Bill Shankly's men had not won a trophy since the 1966 Charity Shield success against Everton and following a frustrating period of transition they were now on the verge of greatness.
Gone were the stalwarts of the Scot's first red revolution with the likes of Ron Yeats and Ian St John replaced by a new, younger generation that included Anfield legends in the making, such as Emlyn Hughes and Kevin Keegan.
The signs of progress were already clear to see and the campaign got off to an impressive start with successive 2-0 victories over both Manchester clubs at Anfield.
There was certainly renewed belief in the camp and despite surprise defeats at both Derby County and Leicester City it wasn't long before they were recognised as genuine contenders.
A resounding 5-0 home win over Sheffield United in late September finally saw them top the table and was further evidence of their title credentials.
The challenge was now well and truly on and Shankly's red machine remained at the summit for large periods of the season until rivals Arsenal secured what many felt would be a crucial blow to our hopes in February.
The Gunners produced an impressive all-round display to claim a 2-0 victory at Anfield and leapfrog Liverpool into top spot.
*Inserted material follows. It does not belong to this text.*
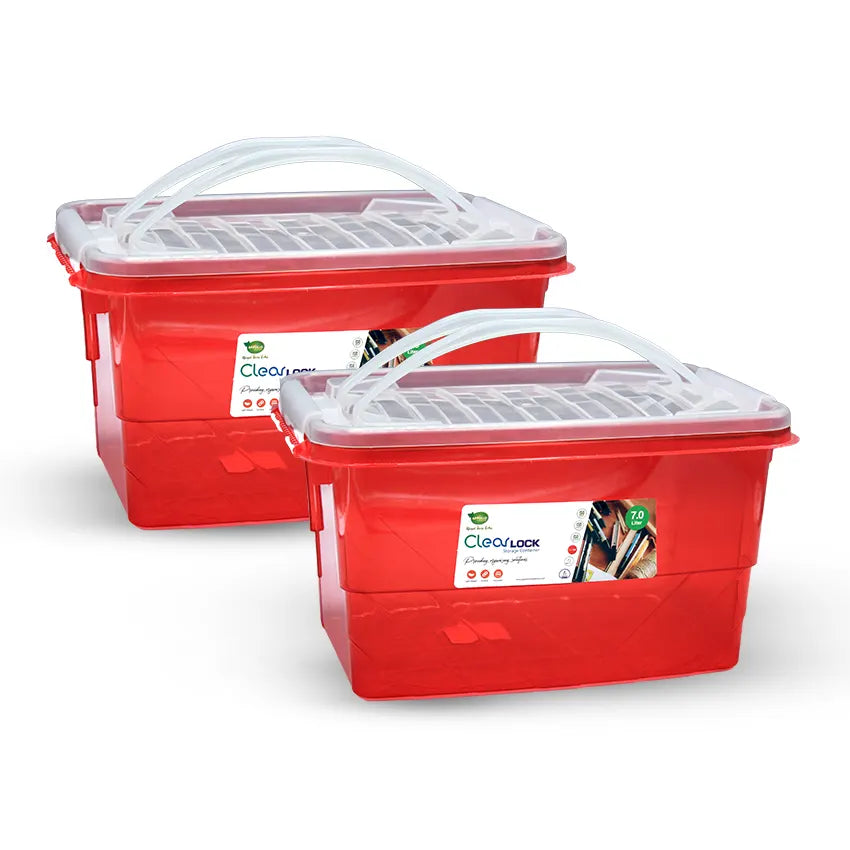 Clear Lock Storage Box 2 pc set - Medium 7ltr Transparent Red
It was the Reds' first home loss in 32 matches and came hot on the heels of an FA Cup fourth round replay defeat at Manchester City just three days earlier.
Many sides may have struggled to recover from such a quick-fire setback - but not Shankly's Liverpool.
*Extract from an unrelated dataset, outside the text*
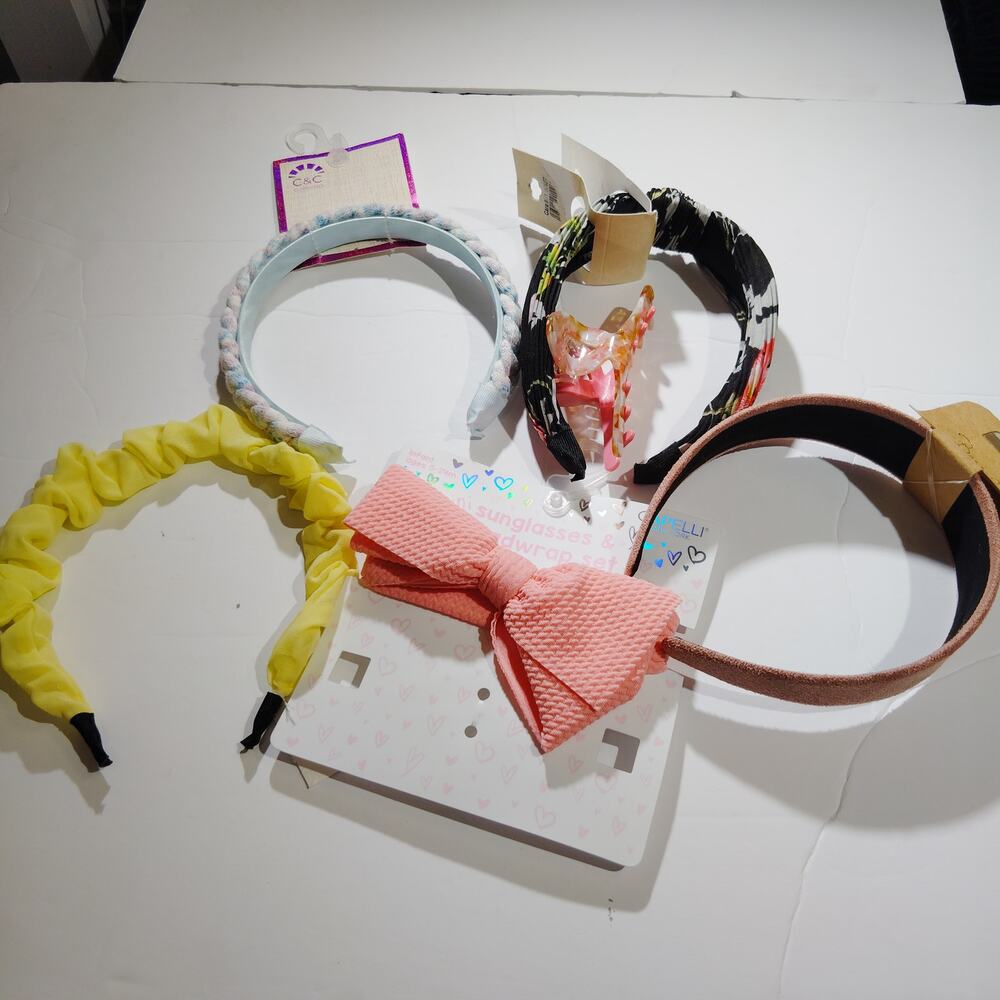 Lot of 6 Girl’s Hair Accessories, Mixed Styles & Colors, Headbands & Hair Pieces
Inspired by the colossal performances of Hughes the Reds bounced back and it was the man the fans nicknamed 'Crazy Horse' who fired them to a victory that would prove to be a telling moment in the title race.
With just 10 minutes remaining of a Merseyside derby at Goodison Park, Shankly's men looked all set to drop three points behind the Gunners as they struggled to break the stalemate against their neighbours.
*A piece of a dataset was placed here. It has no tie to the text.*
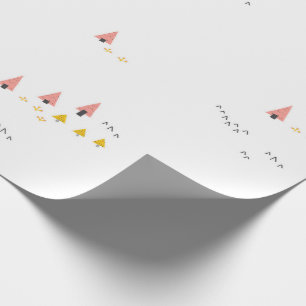 Scandinavische winterpine-kerstcadeautjes cadeaupapier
The Reds needed a hero and up stepped Emlyn, who notched two late goals to clinch a dramatic 2-0 victory and reignite our title challenge.
It was a result that gave the Reds the confidence boost needed to continue their bid for both a league and UEFA Cup double, and with Kevin Keegan and John Toshack terrorising defences home and abroad, it wasn't long before we were celebrating title number eight.
A run of five wins from their next eight matches put them in the driving seat and set-up an exciting climax to the season.
The Reds had been locked in a three way fight for the League Championship with both Arsenal and Leeds United for most of the season and they went into the Easter Monday clash with Don Revie's men knowing that a victory would go some way to securing first place.
Liverpool had failed to beat Leeds at any point in the previous six years - but that was all about to change.
The visitors still had hopes of overhauling the Reds at the top of the table and could have made things interesting had Peter Lorimer not contrived to miss an open goal just before the interval.
It was a pivotal moment in the match as Peter Cormack fired the home side in front just two minutes after the restart before Keegan struck five minutes from time to clinch a 2-0 victory.
It all-but guaranteed the Reds the title after Arsenal were held to a 2-2 draw at Southampton. The Leeds players showed their respect at full-time when they lined up to applaud the Liverpool players from the pitch.
All that was left was for Shankly's men to go on and secure their first ever European trophy.
The stage was a two-legged UEFA Cup final and the victims were Borussia Moenchengladbach as Liverpool brought the curtain down on a marathon season of 66 matches in style.
The double achievement was all the more remarkable given the fact that the Reds boss used just 16 players throughout the season.